The Zeus Scientific, Inc., B. burgdorferi Western Blot Test System is designed for the qualitative detection of IgG class antibodies to specific proteins associated with B. burgdorferi, the causative agent of Lyme Disease. The test system is intended to be used for testing human serum samples which have been found to be positive or equivocal by an EIA or IFA screening procedure. The test is therefore intended to provide supportive evidence of infection of Borrelia burgdorferi.

Borrelia burgdorferi IgG Western Blot Test System

This document is a 510(k) clearance letter from the FDA for a diagnostic device, not a study report or clinical trial summary. Therefore, most of the requested information regarding acceptance criteria, device performance, study details, and ground truth establishment is not present in the provided text.

However, based on the information that is available:

1. A table of acceptance criteria and the reported device performance:

This information is not provided in the FDA clearance letter. The letter confirms substantial equivalence but does not detail the specific performance metrics or acceptance criteria used to achieve that equivalence.

2. Sample sized used for the test set and the data provenance (e.g. country of origin of the data, retrospective or prospective):

This information is not provided in the FDA clearance letter.

3. Number of experts used to establish the ground truth for the test set and the qualifications of those experts (e.g. radiologist with 10 years of experience):

This information is not provided in the FDA clearance letter.

4. Adjudication method (e.g. 2+1, 3+1, none) for the test set:

This information is not provided in the FDA clearance letter.

5. If a multi reader multi case (MRMC) comparative effectiveness study was done, If so, what was the effect size of how much human readers improve with AI vs without AI assistance:

This is an in vitro diagnostic device (a test system), not an AI-assisted imaging or clinical decision support tool. Therefore, an MRMC comparative effectiveness study involving human readers and AI assistance is not applicable to this type of device and is not mentioned.

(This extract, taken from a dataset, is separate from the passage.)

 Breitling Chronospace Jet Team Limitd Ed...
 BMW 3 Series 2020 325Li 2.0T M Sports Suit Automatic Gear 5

6. If a standalone (i.e. algorithm only without human-in-the-loop performance) was done:

This is an in vitro diagnostic test system, which by its nature operates "stand-alone" in producing a result. However, the clearance letter does not discuss the performance of the "algorithm only" as if it were a separate component, but rather the full test system. The device is intended for the "qualitative detection of IgG class antibodies," suggesting a definitive test result without human interpretation being part of the device's output.

7. The type of ground truth used (expert consensus, pathology, outcomes data, etc):

This information is not explicitly stated in the FDA clearance letter. For a diagnostic test like this, the ground truth would typically be established by a reference method (e.g., culture, PCR, or a highly validated serological method) or clinical diagnosis, but the letter does not elaborate on this. The device is intended to provide "supportive evidence of infection of Borrelia burgdorferi," implying it's part of a diagnostic workup, not necessarily a sole definitive diagnosis.

8. The sample size for the training set:

This information is not provided in the FDA clearance letter.

9. How the ground truth for the training set was established:

This information is not provided in the FDA clearance letter.